The definition will be expanded subsequently.
Who will decide if special swing pricing has to be applied or not?
AMFI will create the framework for determining special situations that qualify for full swing pricing. Once the parameters are met, funds can declare swing pricing with SEBI approval. Risk, for the purpose of swing pricing, will be based on Macaulay Duration (MD). Here are 3 situations and the interplay of MD and credit risk.
- If MD is less than 1 year, swing pricing is mandatory only if the credit risk score is less than 10
- If MD is less than or equal to 3 years, swing pricing is mandatory only if the credit risk score is less than 12
- If the MD is more than 3 years, then the swing pricing is applicable irrespective of the credit risk score.
Once swing pricing is triggered, will it be applicable to all redemptions?
Swing pricing is meant to protect the interests of retail investors.

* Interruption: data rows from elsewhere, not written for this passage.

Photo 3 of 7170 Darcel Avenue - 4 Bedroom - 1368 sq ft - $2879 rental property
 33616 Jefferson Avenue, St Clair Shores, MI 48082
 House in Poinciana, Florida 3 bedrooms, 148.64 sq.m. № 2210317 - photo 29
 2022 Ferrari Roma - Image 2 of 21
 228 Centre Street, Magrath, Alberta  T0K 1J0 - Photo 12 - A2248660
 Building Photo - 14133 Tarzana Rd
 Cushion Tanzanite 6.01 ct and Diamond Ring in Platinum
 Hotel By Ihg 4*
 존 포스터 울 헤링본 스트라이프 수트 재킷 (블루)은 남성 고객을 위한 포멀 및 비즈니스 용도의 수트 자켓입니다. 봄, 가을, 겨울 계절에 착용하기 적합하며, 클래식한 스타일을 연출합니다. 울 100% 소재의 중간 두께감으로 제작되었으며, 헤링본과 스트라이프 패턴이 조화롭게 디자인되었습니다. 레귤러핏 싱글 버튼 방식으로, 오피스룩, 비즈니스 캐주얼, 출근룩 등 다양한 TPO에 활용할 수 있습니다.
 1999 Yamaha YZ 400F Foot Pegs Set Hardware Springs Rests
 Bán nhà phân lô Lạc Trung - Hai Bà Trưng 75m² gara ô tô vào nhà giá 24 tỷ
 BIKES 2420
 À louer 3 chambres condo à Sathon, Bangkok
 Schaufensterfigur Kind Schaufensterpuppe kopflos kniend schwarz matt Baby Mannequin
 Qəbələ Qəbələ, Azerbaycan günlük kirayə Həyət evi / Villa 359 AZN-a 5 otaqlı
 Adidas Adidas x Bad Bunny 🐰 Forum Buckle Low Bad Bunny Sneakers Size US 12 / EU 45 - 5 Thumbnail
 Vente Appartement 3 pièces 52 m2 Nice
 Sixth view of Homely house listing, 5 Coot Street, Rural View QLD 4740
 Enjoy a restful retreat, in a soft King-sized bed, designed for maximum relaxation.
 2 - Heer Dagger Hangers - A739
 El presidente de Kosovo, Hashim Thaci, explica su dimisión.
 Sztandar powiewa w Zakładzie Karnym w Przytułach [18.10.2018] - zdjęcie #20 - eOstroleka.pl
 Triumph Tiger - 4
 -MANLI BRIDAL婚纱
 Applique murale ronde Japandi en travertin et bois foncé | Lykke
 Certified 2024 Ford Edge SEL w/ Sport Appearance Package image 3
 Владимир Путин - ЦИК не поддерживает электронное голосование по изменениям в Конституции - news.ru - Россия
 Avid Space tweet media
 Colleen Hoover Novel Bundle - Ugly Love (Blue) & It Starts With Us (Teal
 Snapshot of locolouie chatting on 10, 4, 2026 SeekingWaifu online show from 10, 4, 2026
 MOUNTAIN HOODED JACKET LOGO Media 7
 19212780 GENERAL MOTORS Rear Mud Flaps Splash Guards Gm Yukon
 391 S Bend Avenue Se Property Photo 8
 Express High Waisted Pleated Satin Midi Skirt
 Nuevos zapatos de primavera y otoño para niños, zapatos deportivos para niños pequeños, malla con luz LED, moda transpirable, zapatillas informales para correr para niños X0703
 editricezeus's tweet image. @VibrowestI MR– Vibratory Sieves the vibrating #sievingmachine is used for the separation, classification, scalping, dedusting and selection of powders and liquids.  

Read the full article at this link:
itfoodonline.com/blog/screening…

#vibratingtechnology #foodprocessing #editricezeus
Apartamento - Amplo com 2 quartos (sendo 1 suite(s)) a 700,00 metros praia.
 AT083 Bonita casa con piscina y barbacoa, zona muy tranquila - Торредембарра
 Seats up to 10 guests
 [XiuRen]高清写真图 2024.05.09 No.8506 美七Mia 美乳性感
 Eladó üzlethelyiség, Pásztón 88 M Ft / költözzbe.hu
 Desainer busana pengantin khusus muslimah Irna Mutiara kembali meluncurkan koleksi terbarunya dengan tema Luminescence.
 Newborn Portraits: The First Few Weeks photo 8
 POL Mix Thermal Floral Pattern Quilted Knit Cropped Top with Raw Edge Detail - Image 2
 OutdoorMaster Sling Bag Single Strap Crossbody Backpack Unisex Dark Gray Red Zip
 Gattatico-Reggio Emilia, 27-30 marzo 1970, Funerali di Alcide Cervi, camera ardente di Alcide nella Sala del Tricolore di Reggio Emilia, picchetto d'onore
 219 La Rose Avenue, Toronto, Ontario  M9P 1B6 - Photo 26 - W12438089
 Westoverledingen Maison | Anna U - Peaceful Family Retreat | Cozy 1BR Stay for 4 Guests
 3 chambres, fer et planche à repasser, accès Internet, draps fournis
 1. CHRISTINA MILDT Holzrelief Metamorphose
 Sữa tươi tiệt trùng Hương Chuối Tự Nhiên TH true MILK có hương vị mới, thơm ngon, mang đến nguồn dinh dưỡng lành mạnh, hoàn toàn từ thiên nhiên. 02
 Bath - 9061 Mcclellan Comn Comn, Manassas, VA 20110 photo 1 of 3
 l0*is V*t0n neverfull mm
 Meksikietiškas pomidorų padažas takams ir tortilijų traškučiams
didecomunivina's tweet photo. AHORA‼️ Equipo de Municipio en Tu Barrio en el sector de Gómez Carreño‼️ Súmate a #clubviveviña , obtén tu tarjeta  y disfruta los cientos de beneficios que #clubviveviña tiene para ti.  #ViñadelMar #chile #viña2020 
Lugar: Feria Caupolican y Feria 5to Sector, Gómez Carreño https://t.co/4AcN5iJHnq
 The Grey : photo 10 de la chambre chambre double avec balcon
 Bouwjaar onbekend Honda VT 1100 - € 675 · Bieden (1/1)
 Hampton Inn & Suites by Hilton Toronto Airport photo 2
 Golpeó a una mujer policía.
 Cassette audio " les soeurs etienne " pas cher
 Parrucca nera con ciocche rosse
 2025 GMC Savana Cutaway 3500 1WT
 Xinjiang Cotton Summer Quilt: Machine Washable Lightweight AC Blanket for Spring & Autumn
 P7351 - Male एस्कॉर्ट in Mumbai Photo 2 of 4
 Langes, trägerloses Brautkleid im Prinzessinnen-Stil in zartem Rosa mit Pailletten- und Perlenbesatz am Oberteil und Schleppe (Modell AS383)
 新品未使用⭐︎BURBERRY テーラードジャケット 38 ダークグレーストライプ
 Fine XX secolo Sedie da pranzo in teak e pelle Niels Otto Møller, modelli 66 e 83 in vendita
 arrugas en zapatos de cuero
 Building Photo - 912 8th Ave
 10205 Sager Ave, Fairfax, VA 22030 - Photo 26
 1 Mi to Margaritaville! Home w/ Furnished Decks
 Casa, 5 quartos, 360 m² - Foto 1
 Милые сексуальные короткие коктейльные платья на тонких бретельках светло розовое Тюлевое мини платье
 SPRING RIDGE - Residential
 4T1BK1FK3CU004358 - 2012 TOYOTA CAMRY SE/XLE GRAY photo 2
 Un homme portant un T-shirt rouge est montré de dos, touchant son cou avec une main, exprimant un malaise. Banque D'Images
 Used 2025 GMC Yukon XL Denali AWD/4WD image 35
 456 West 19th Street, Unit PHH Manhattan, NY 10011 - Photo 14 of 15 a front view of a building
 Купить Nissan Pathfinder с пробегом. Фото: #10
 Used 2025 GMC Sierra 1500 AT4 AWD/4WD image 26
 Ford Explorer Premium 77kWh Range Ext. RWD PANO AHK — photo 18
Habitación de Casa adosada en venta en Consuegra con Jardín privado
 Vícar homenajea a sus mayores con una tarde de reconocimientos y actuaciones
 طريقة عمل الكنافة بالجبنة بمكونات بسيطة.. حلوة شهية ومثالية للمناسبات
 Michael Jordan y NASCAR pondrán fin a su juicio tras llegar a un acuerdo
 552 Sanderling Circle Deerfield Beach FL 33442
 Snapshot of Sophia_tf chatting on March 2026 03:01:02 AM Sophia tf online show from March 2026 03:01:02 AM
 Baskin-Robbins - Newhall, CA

Hence, swing pricing will not be applicable if redemption value is less than Rs200,000. However, if redemption is more than Rs200,000 then redemption NAV will be reduced as per swing pricing formula. This limit of Rs200,000 is based on your individual PAN, so you really cannot split your redemptions beyond a point.
Will the swing pricing be applicable only to redemptions of debt funds or also to purchases?
Both present a risk, so swing pricing will apply to sale and purchases once the dislocation is identified and recognized. When there is dislocation, the large knowledgeable investors tend to trade out of funds before the NAV correction and trade into the funds at low NAVs. Both can cause losses to continuing long-term investors.
In case of redemptions during dislocation, NAV will be reduced proportionately for swing costs. Similarly, for fresh purchases during dislocation, NAV will be adjusted upwards so that the entering investors at low NAVs pay the price of dislocation instead of existing investors.
Will the swing pricing not impact the performance of the debt fund I am holding?
Swing pricing will not impact the performance of the fund if you are a continuing investor. That is because, fund performance will be calculated based on unswung NAV performance.